A New Home

You could just see it in Dr. Rod Bagley’s eyes. He wanted to care for Doree.

At the time, Doree couldn’t stand. She couldn’t walk. She could barely lift her head. She was malnourished.

Yet Bagley saw something in the golden retriever who had spent her four years delivering puppies at a USDA licensed breeder in Iowa. In November 2021, a federal court judge ordered the surrender and removal of more than 500 dogs and puppies from the breeder to the Animal Rescue League of Des Moines.

One of those dogs was Doree. She was also the only dog that required hospitalization at the Lloyd Veterinary Medical Center. Not only was she severely emaciated with almost zero muscle mass, X-rays showed she had multiple fractures to her ribs and spinal vertebrae. She spent most of her next two months in the LVMC’s Canine Rehabilitation Center.

At first, she could only walk with the aid of a sling. She spent parts of every day in a pool swimming and walking on a water treadmill. Day by day, she slowly worked her way back to health.

One of the veterinarians who cared for Doree was Bagley, a professor of veterinary clinical sciences; a neurologist by training who supports the canine rehabilitation service. “When animals can’t get up, the natural thinking is that they have a neurology problem,” Bagley said. “But that wasn’t Doree’s problem. She had the mechanics to walk, but either never learned how to do so, or didn’t feel that she could.

From the first day he saw Doree, Bagley began considering adopting her or at the very least, becoming a foster parent to the dog. But as the weeks passed by, he decided Doree needed the support in a home environment but under a watchful eye.

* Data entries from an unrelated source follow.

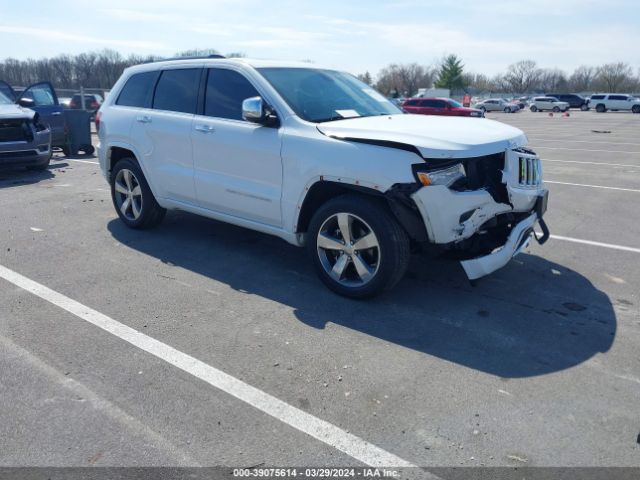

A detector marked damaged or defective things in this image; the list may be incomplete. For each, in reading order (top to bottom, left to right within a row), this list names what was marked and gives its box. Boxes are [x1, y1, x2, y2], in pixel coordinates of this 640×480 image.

crumpled hood [0, 103, 34, 120]
crumpled hood [316, 114, 528, 159]
exposed headlight assembly [416, 164, 464, 188]
damaged front end [404, 148, 544, 280] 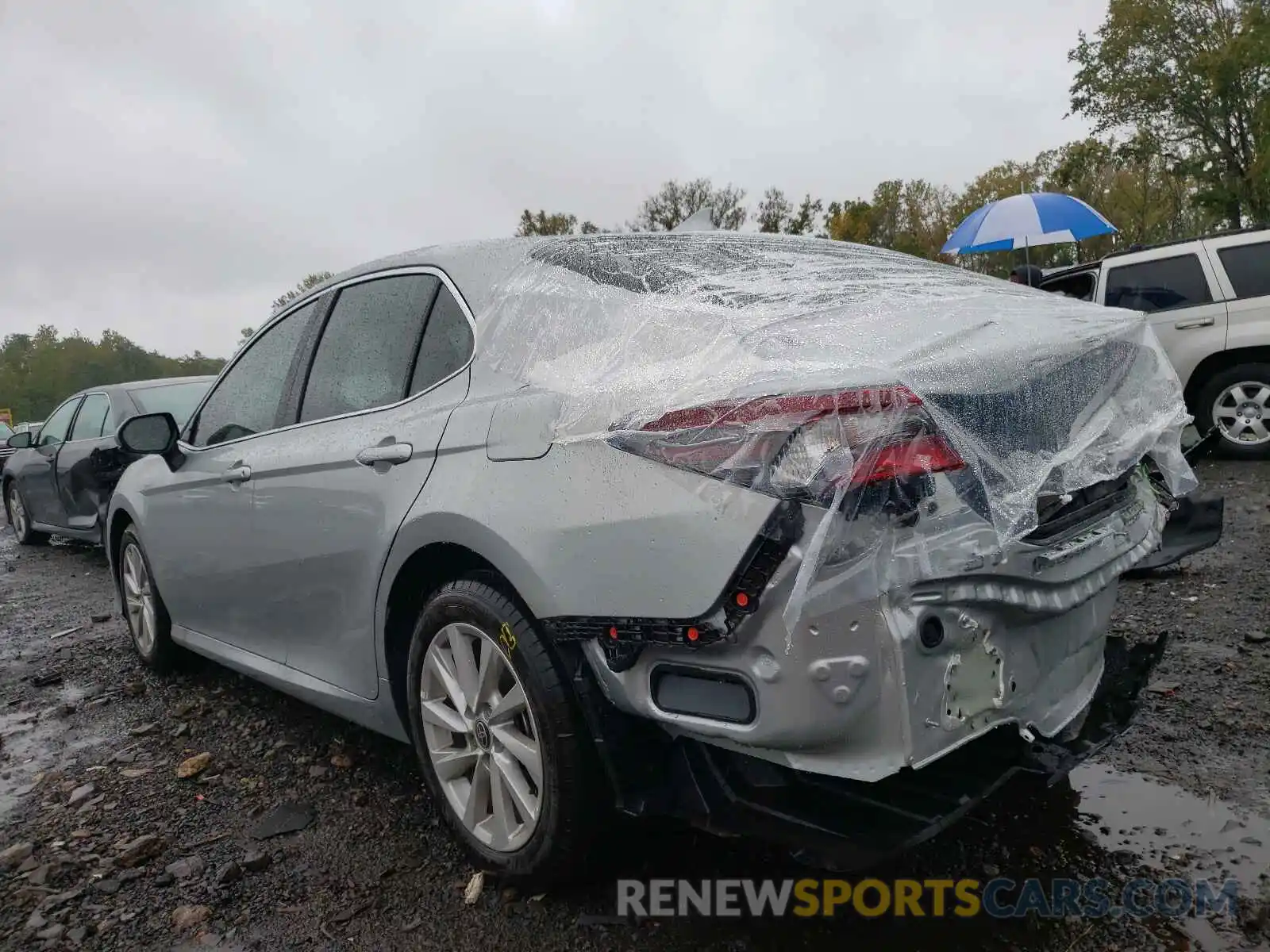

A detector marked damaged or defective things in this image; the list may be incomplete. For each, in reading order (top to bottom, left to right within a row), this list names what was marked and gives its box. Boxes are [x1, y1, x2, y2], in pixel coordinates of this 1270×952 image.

shattered taillight [606, 386, 965, 511]
severe rear damage [476, 236, 1200, 863]
crumpled bumper [581, 631, 1168, 869]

“First of all, I wanted to make sure we (Bagley and his wife Lynn) could take care of Doree’s needs,” he said, “and I realized that if we did take her home she would probably become ‘foster fail’ and we would eventually adopt her.”

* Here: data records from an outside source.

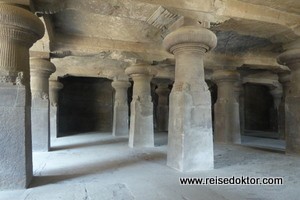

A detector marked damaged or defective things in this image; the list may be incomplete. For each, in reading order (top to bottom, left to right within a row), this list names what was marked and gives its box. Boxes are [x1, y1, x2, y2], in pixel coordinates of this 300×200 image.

cracked ceiling surface [29, 0, 298, 79] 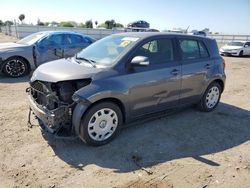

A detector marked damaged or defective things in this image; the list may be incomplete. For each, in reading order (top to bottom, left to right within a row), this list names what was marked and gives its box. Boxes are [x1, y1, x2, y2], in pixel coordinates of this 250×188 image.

damaged front bumper [27, 88, 74, 134] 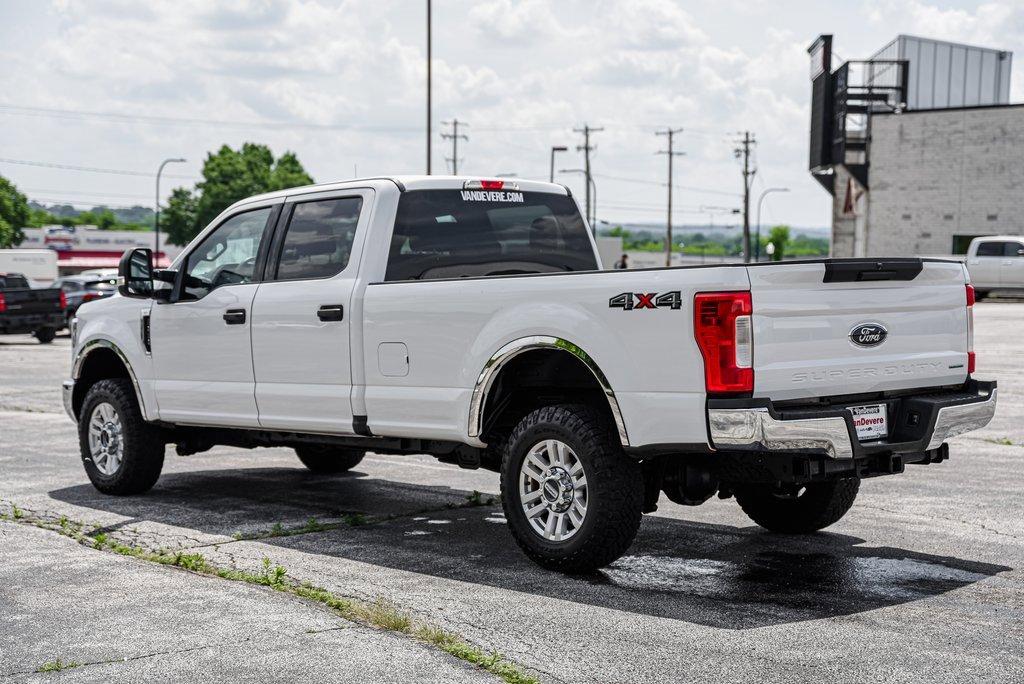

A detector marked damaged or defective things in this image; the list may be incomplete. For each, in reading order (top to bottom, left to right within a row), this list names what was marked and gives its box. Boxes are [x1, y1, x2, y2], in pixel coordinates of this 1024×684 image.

cracked pavement [2, 302, 1024, 680]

Doree went to Bagley’s home out in the country just before Christmas Day. The family has several cats and a great dog Cooper, who Bagley describes as Doree’s “service dog.”

Since her arrival at the Bagley homestead, Doree has made significant progress. On December 23, Bagley had to carry her in and out of the house. Next, she learned to stand on her front legs. Four days later she would walk about 20 feet before stopping.

New Years’ Day she squatted to urinate for the first time. On January 10, she began going down two outside stairs. By January 14 she was doing more dog things – barking, wagging her tail and eating her meals.

“She continued to get stronger every day,” Bagley said. “Physically she was able to start doing normal dog stuff.”

On February 13, Doree was starting to run a little following with her playmate Cooper. A month later she was rolling on her back outside like her new brother.

Today Doree is close to 60 pounds and has developed her personality. She still is timid around everyone, but is more comfortable around the Bagley home. She tends to sit up close to walls and furniture as though she doesn’t want anything sneaking up behind her. She’s indifferent to the family’s cats but she has learned to walk a flight of stairs to sleep in the master bedroom.

“I really think we were the right ‘space’ for Doree,” Bagley said. “We have the space, time and resources to help care for her. Doree needed someone who could pay attention to her and her health issues. I knew based on my experiences I could do that. “In the end, there really wasn’t a question if Doree was going to come home with me. I didn’t really think about it. It was just going to happen.”